Remember that time I made Lolas? This is like that, but a bit easier. 


Ingredients

Scale

For the Chicken:

  • 3 chicken breasts (about 1 1/2 lbs), pounded to 1/2” thickness and cut into 6 cutlets
  • 2 C self-rising flour 
  • 1 1/2 C buttermilk 
  • 1/2 C cornstarch 
  • 2 tsp + 1 tsp seasoned salt, to taste
  • 1/2 tsp cracked pepper 
  • 1 tsp paprika 
  • 1/2 tsp cayenne pepper, optional
  • Peanut oil, for frying

For the French toast:

  • 12 thick (1/2”-3/4”) slices of your favorite bread
  • 2 C whole milk
  • 2 large egg yolks
  • 3 tbsp salted butter, as needed
  • 3 tbsp peanut oil, as needed 
  • 2 1/2 tbsp all-purpose flour
  • 1 1/2 tbsp light brown sugar
  • 1 tbsp powdered sugar
  • 2 1/2 tsp ground cinnamon
  • 1 tsp granulated sugar 
  • 1 tsp vanilla extract
  • Optional: Powdered sugar, bacon, fried eggs, cheese, apple butter, syrup, whatever!

Instructions

  1. At least an hour before you plan to make breakfast add the chicken to a bowl and season with 1 tsp of seasoned salt. Pour in the buttermilk and stir to coat the chicken thoroughly. Cover tightly and refrigerate for at least an hour, up to overnight. If you have time you’ll want to pull it from the fridge to rest at room temperature before you’re ready to fry so it cooks more evenly. About 15-30 minutes should do! 
  2. In another mixing bowl add the self-rising flour, cornstarch, remaining seasoned salt, paprika, and black pepper. Whisk together and set aside until it’s time to dredge the chicken. 
  3. In yet another bowl add your egg yolks, cinnamon, sugars, vanillas, and flour. Whisk together into a thick paste, then slowly whisk in the milk until everything’s well combined. Lumps are fine. 
  4. Remove a piece of chicken from the buttermilk and allow any excess to drip off. Drop it in the flour and cover the top with more flour. Then, use the back of your hand to press the chicken down into the bowl, and the flour into the chicken.

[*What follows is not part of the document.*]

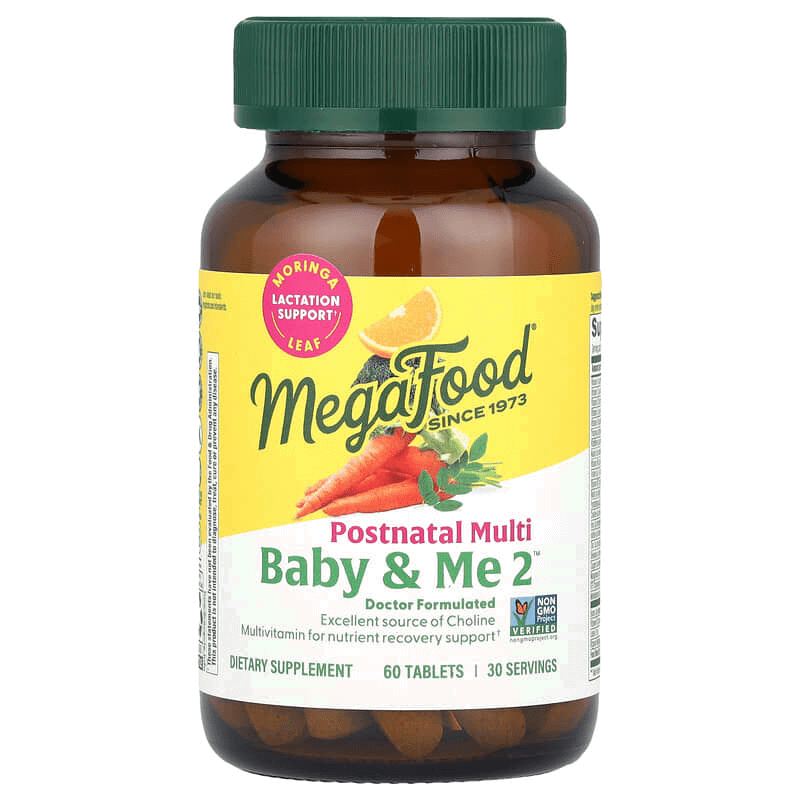 MegaFood, Baby & Me 2 Postnatal, 60 tabletas | Allnatural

Flip the cutlet over and repeat, spooning flour onto the top and pressing it into the chicken. Once the cutlet is nicely, thoroughly coated, shake of the excess flour and place on a plate to rest. Double-dredging is allowed here, but not necessary. Repeat with all of the cutlets and set aside.
  5. Turn your oven on to warm and place a wire rack over a baking sheet in the center of the oven. Next, heat your oil in a heavy-bottomed pot – it should only come about 1/2 way up the sides. Preheat the oil over medium-high heat until it reaches about 360°F.
  6. Once the oil is heated go ahead and add the chicken to the hot oil, making sure not to crowd the pan – go in two batches if necessary. Cook the chicken for 7 minutes, then turn and cook for another 5-7 minutes, until cooked through (around 160°F internally) and golden brown. Transfer the chicken to the warming rack in the oven.
  7. Preheat a large skillet over medium-low heat and add a drizzle of oil and a small pat of butter in the center. Once it’s melted, swirl them around to coat the surface of the pan.
  8. Submerge each piece of bread in the custard quickly and remove it just as quickly, let the excess drip off, and then place the bread in the skillet, and push it down slightly in the center to make sure it’s making contact with the surface of the pan. 
  9. Cook the french toast for about 4 minutes, then flip. Cook until browned, then flip again. Continue cooking and flipping until the bread is a touch crisp on the outside and feels firm. The time will vary, but generally, it takes about 7 or 8 minutes per side.
  10. Transfer the French toast to the rack with the fried chicken cutlets and continue until it’s all cooked. 
  11. Assemble the sandwiches and dust the tops lightly with powdered sugar. Cut ’em down the middle to make it easier to eat and have at it! Dassit!